Source records
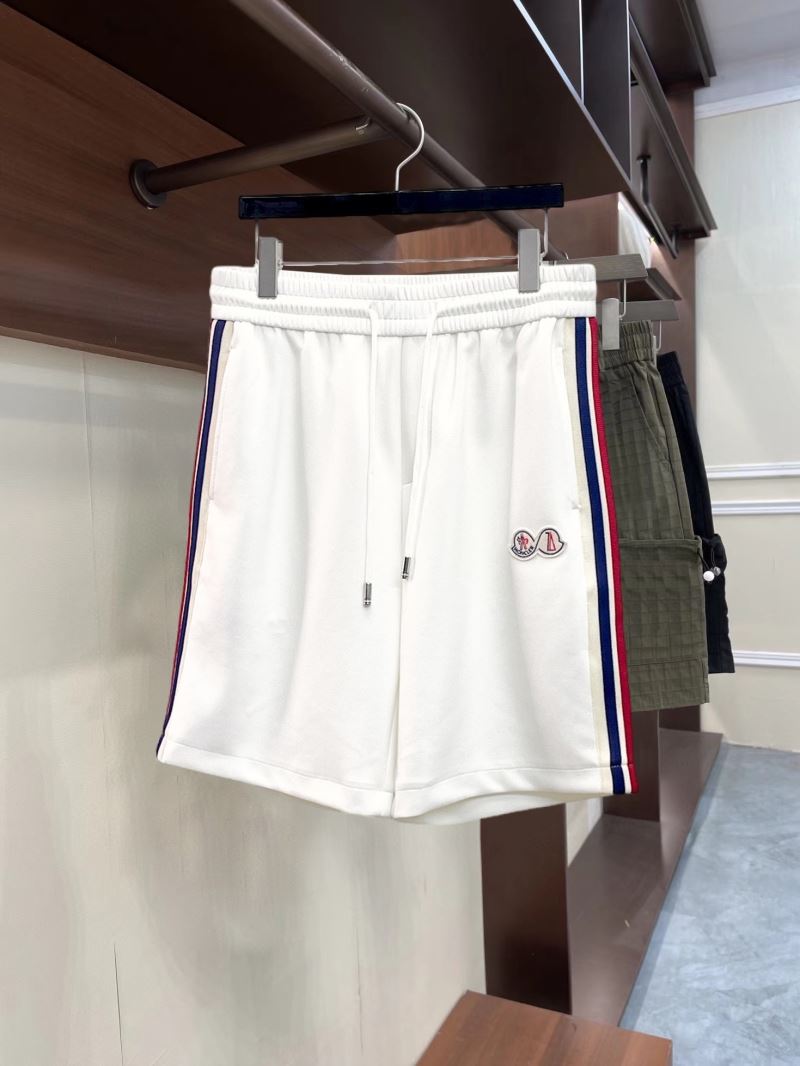 Moncler Short Pants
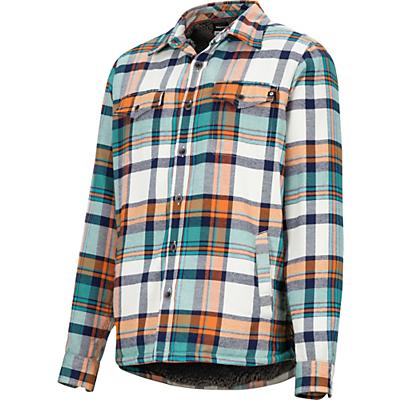 Marmot Men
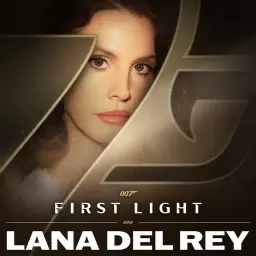 Lana Del Rey – First Light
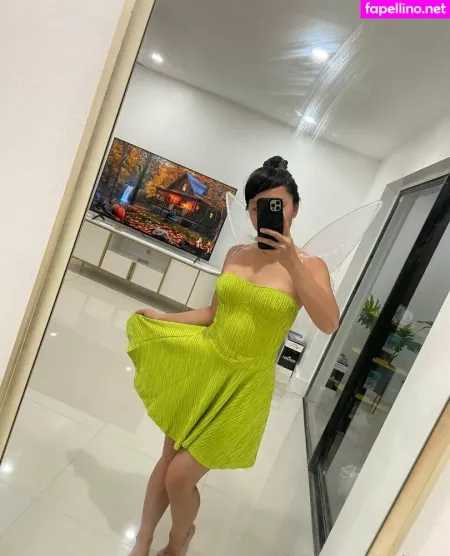 Littlelady Chibi Cynthia OnlyFans Thumbnail #bveUgeNjjc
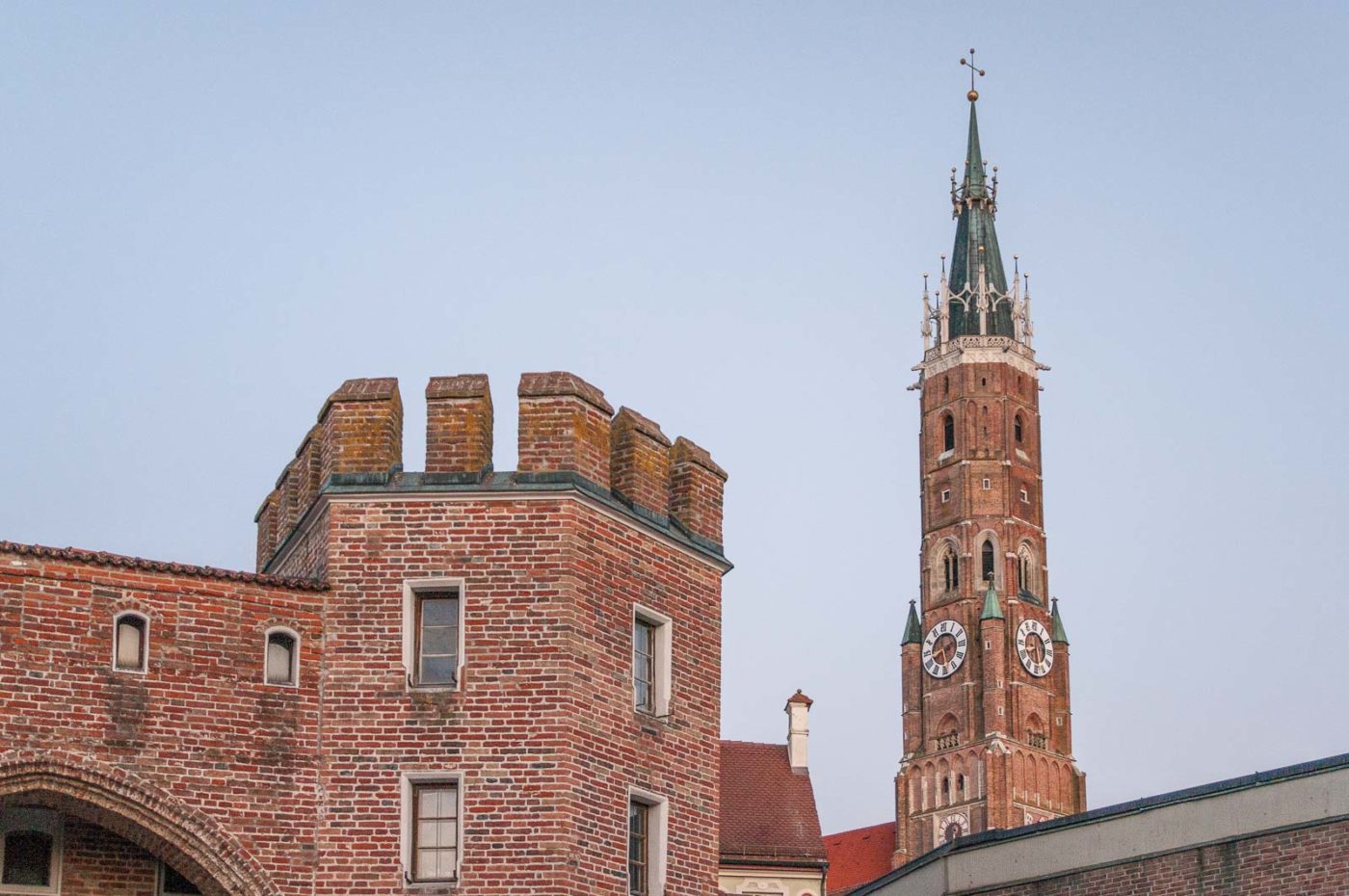 2020-08-21 - 2020-08-23 - Bayern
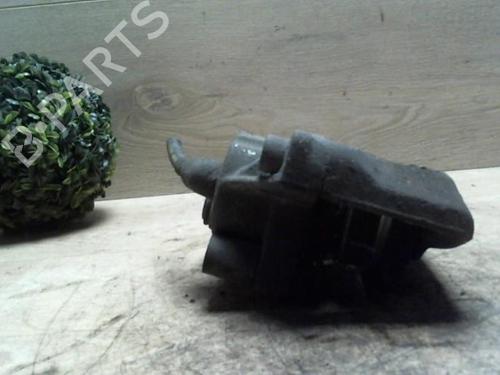 Højre bremsekaliber foran PEUGEOT 106 II (1A_, 1C_) 1.0 i | BP25415929M104 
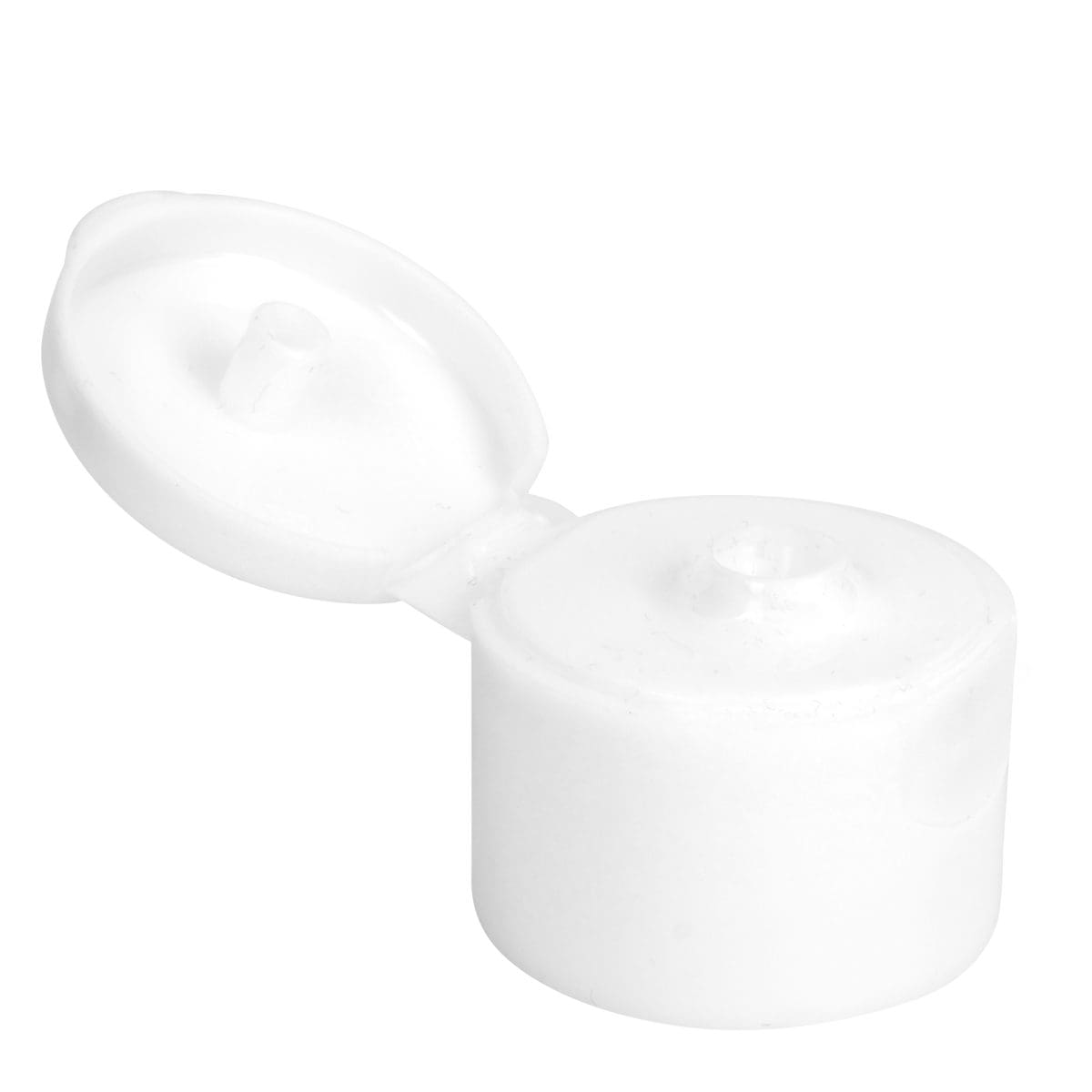 Flip Top Cap Smooth 28/410 2 Flip Top Cap Smooth 28/410 - Image 2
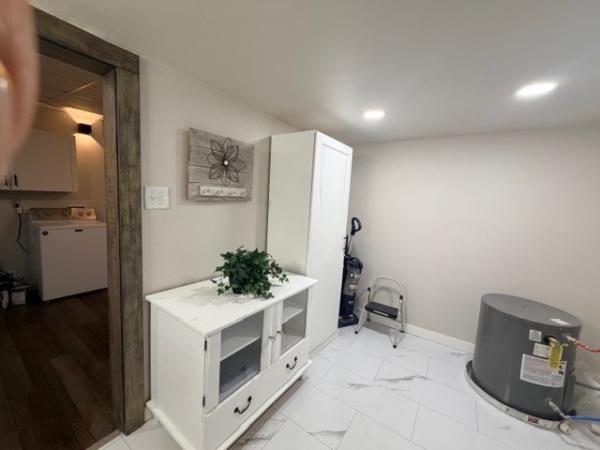 1982 Villa Manufactured Home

**GOAL OF THE EXERCISE**
Images aside, return each entry above precisely as it stands.

**SOLUTION TO THE PROBLEM**
 Moncler Short Pants
 Marmot Men
 Lana Del Rey – First Light
 Littlelady Chibi Cynthia OnlyFans Thumbnail #bveUgeNjjc
 2020-08-21 - 2020-08-23 - Bayern
 Højre bremsekaliber foran PEUGEOT 106 II (1A_, 1C_) 1.0 i | BP25415929M104 
 Flip Top Cap Smooth 28/410 2 Flip Top Cap Smooth 28/410 - Image 2
 1982 Villa Manufactured Home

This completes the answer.